### Activity
What is needed is every line from the one holding "HOTMMS718 Avengers (2012)" to the last line of the data below, printed exactly and without pictures.

[Captioned web image data]

○ ○ ○ ○ ○ ○ ○

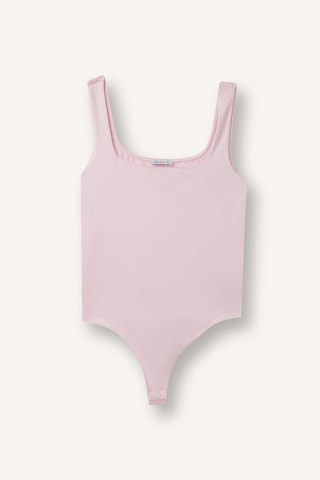 Defacto Kare Yaka Bodysuit H3888ax26smpn633 Pembe-pn633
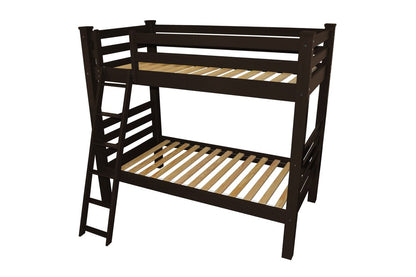 Brown Twin Over Twin Solid Wood Bunk Bed HomeRoots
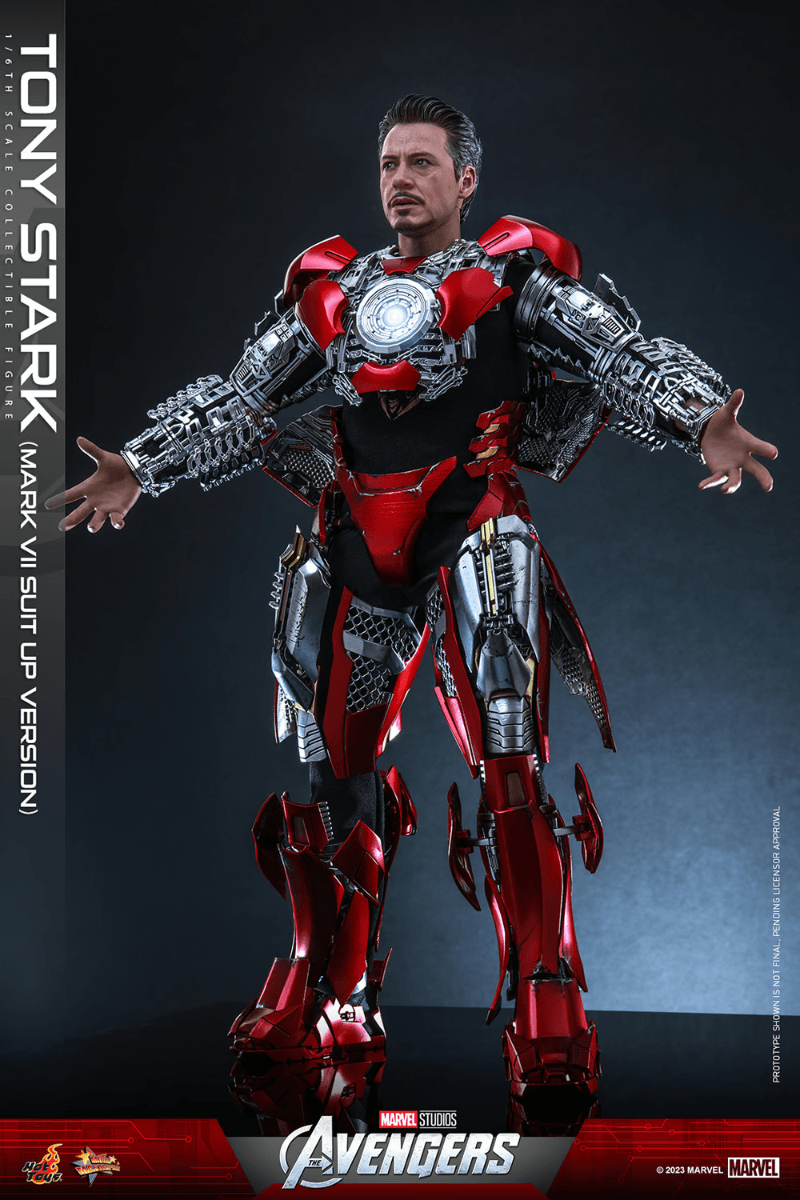 HOTMMS718 Avengers (2012) - Tony Stark (Mark VII Suit-Up) 1:6 Scale Action Figure - Hot Toys - Titan Pop Culture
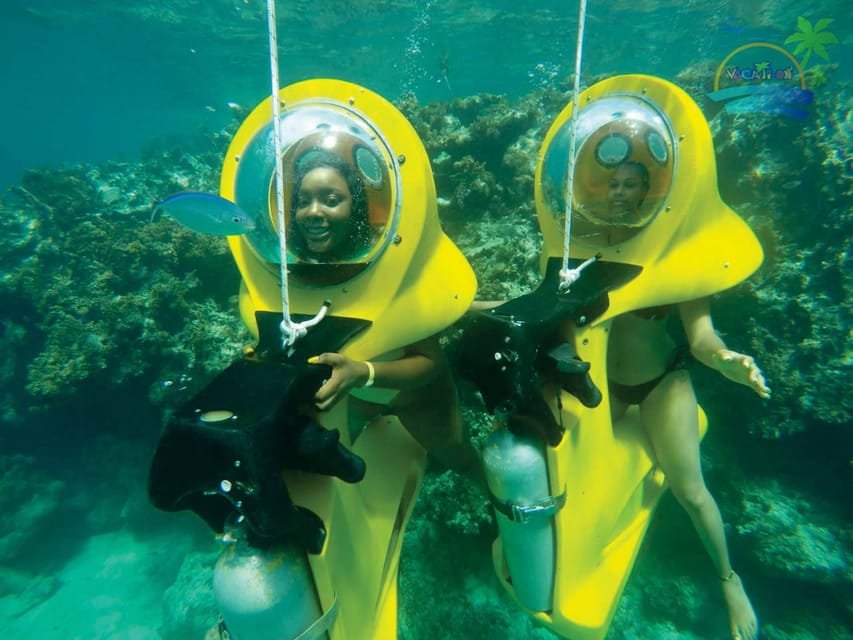 From Punta Cana ScubaDoo, Snorkel & Glass Bottom Boat Tour GetYourGuide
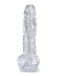 King Cock - 8" 仿真假陽具連陰囊 - 透明 照片-3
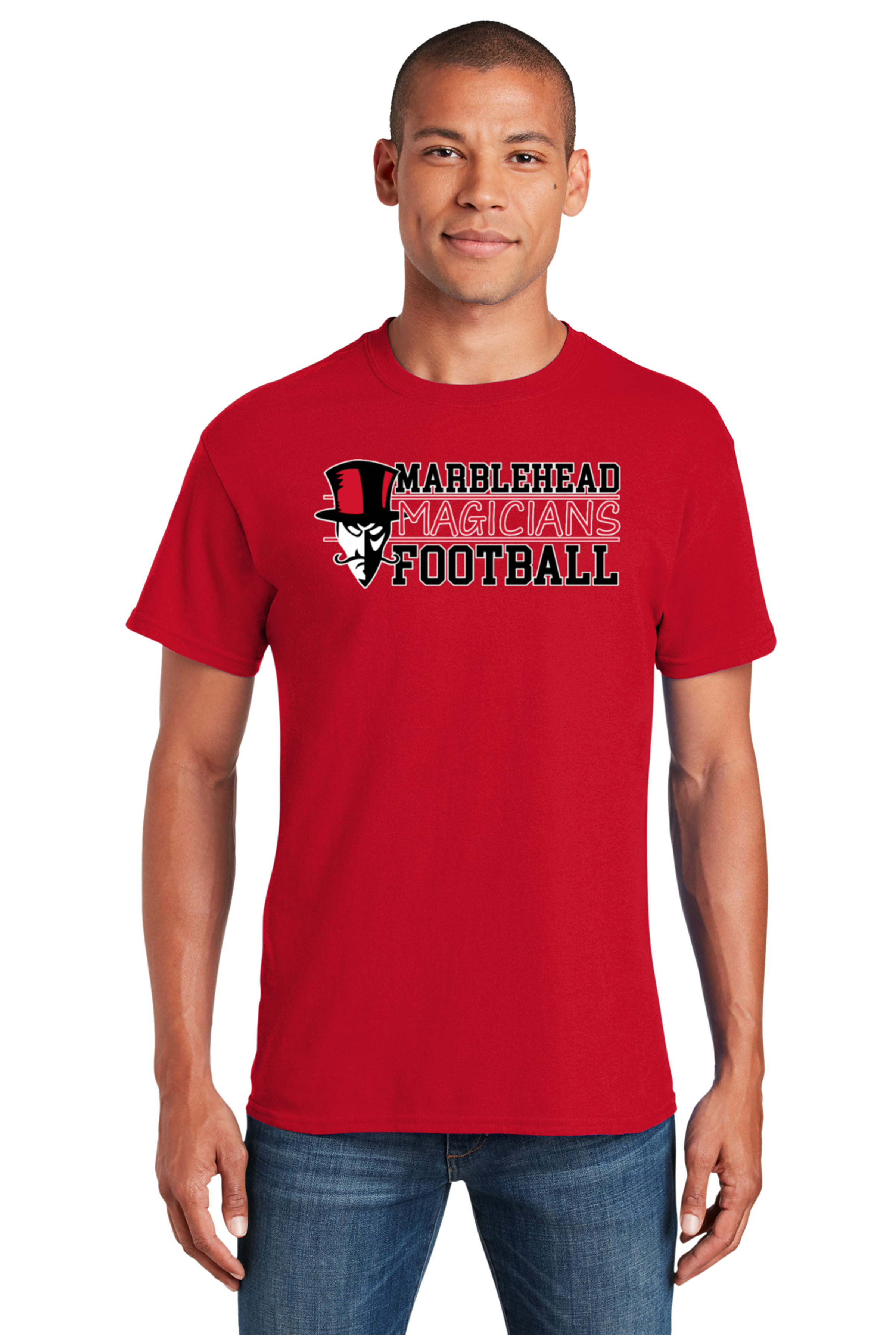Magicians Football Heavy Cotton Tee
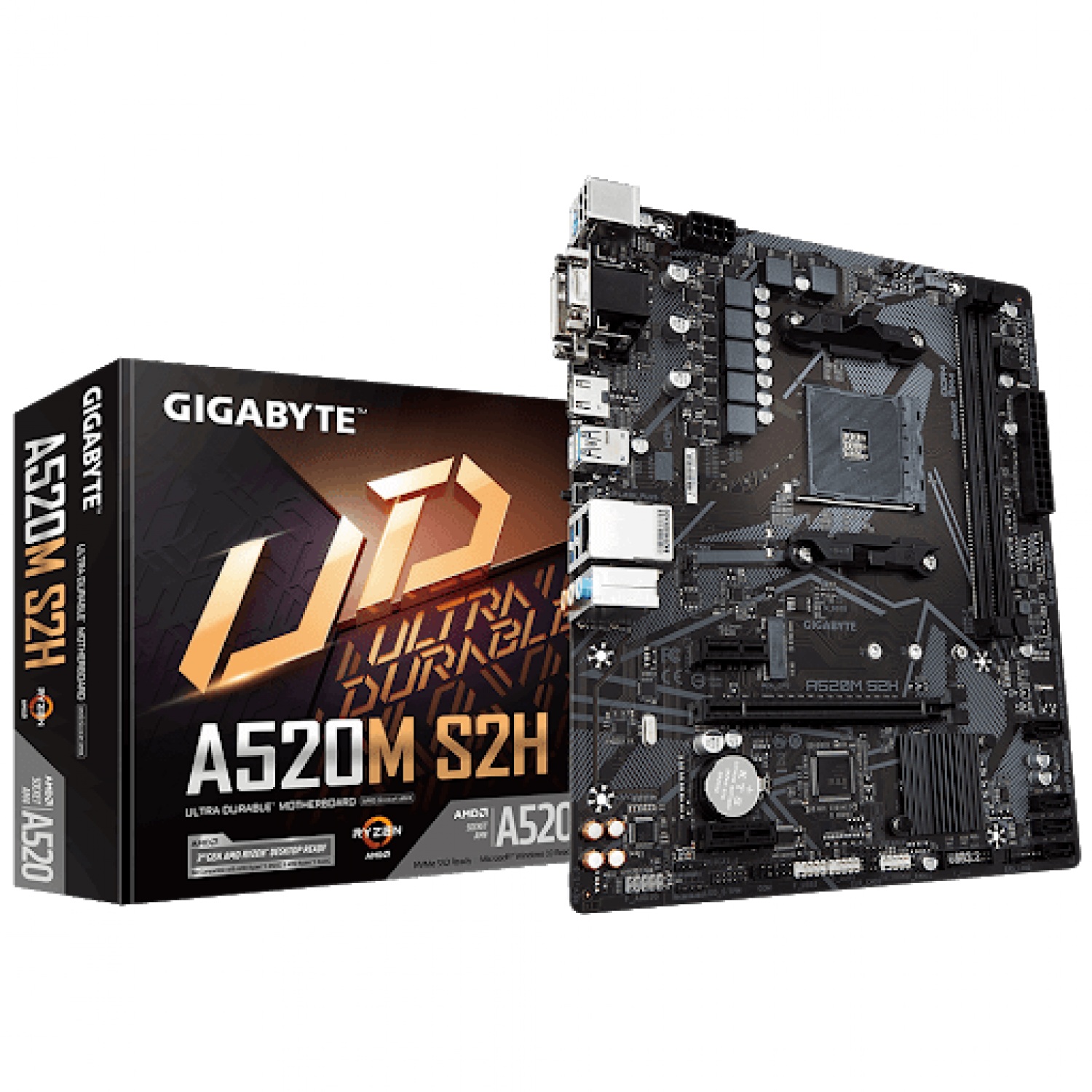 MOTHERBOARD AM4 GIGABYTE A520M S2H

○ ○ ○ ○ ○ ○ ○

### Answer box
 HOTMMS718 Avengers (2012) - Tony Stark (Mark VII Suit-Up) 1:6 Scale Action Figure - Hot Toys - Titan Pop Culture
 From Punta Cana ScubaDoo, Snorkel & Glass Bottom Boat Tour GetYourGuide
 King Cock - 8" 仿真假陽具連陰囊 - 透明 照片-3
Magicians Football Heavy Cotton Tee
 MOTHERBOARD AM4 GIGABYTE A520M S2H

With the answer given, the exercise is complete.